▶ **Supplied data**:

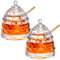 Hacaroa 2 Pack 10 Oz Glass Honey Pot with Lid and Wooden Dipper, Clear Honey Jar Beehive Honey Dish Dispenser Container for Jam Jelly, Home Kitchen, Wedding Gifts, Candlesticks, Barware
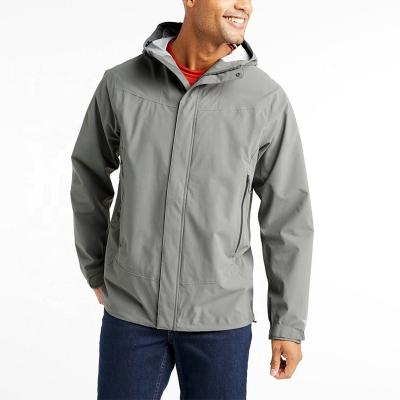 China OEM Waterproof High Quality Brand Gray Solid Strong Zip Through Polyester Technology Wear Jacket Men for sale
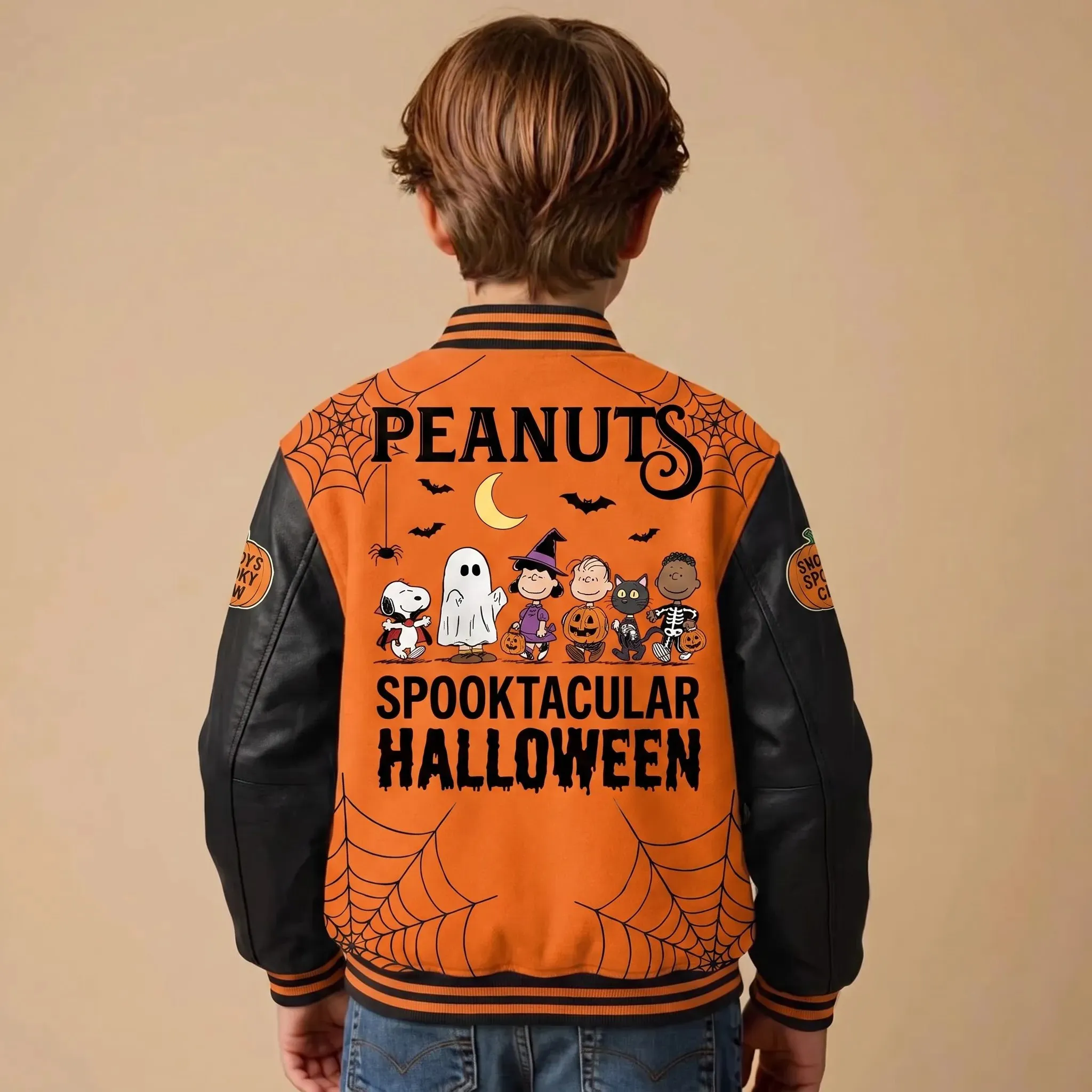 Spooky Snoopy Halloween Quilted Varsity Jacket-THK133942 - Image 3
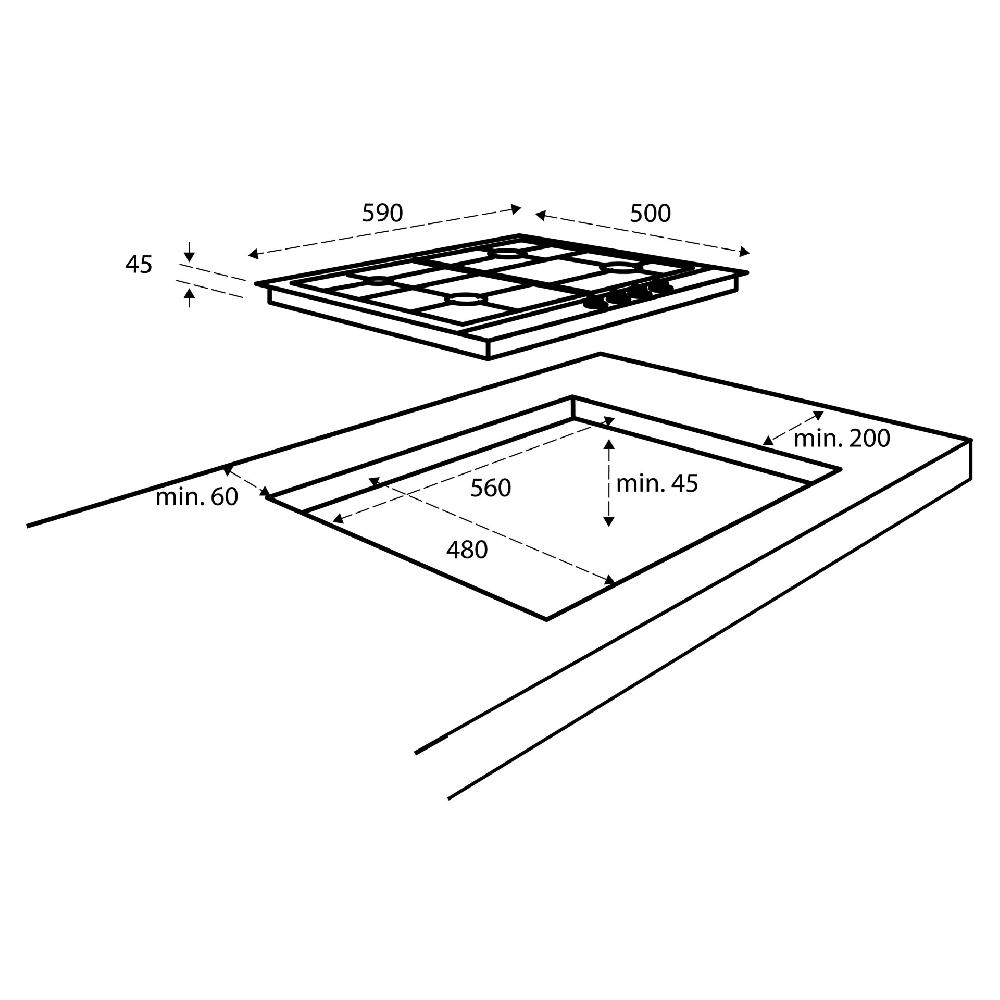 Inventum Gaskookplaat - 59 Cm - RVS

▶ **Description of the task**: Would you please retype all the data exactly? Leave out whatever pictures it holds.

▶ **Task output**:
 Hacaroa 2 Pack 10 Oz Glass Honey Pot with Lid and Wooden Dipper, Clear Honey Jar Beehive Honey Dish Dispenser Container for Jam Jelly, Home Kitchen, Wedding Gifts, Candlesticks, Barware
 China OEM Waterproof High Quality Brand Gray Solid Strong Zip Through Polyester Technology Wear Jacket Men for sale
 Spooky Snoopy Halloween Quilted Varsity Jacket-THK133942 - Image 3
 Inventum Gaskookplaat - 59 Cm - RVS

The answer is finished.